INFORMATION SUPPLIED:
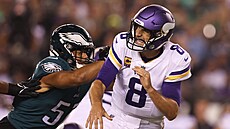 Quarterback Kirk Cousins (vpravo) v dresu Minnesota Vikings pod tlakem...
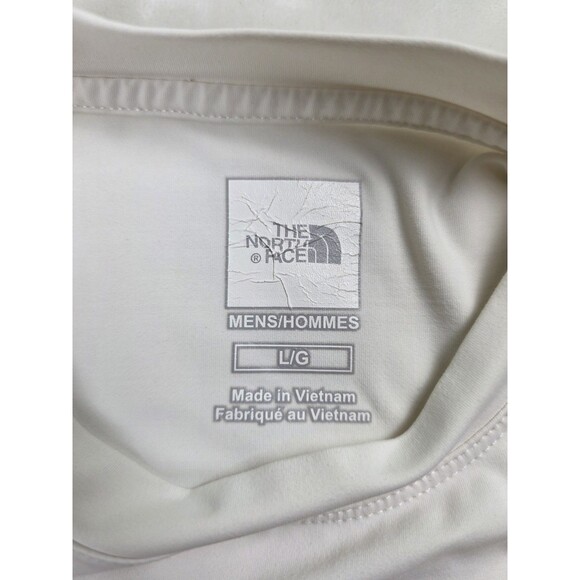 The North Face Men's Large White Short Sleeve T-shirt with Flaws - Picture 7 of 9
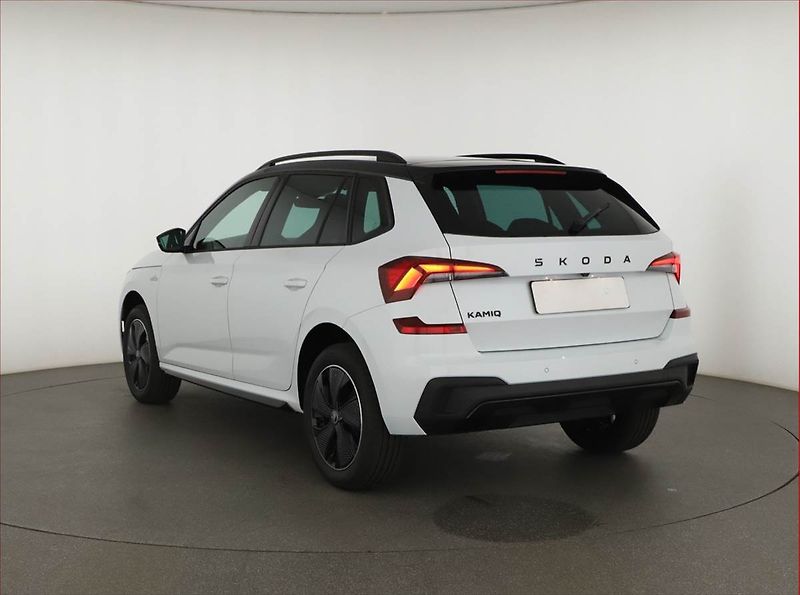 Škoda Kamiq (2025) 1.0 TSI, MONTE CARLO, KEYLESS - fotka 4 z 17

WORK ORDER: Give back the listing exactly, without a single picture.

SOLUTION TO THE PROBLEM:
 Quarterback Kirk Cousins (vpravo) v dresu Minnesota Vikings pod tlakem...
 The North Face Men's Large White Short Sleeve T-shirt with Flaws - Picture 7 of 9
 Škoda Kamiq (2025) 1.0 TSI, MONTE CARLO, KEYLESS - fotka 4 z 17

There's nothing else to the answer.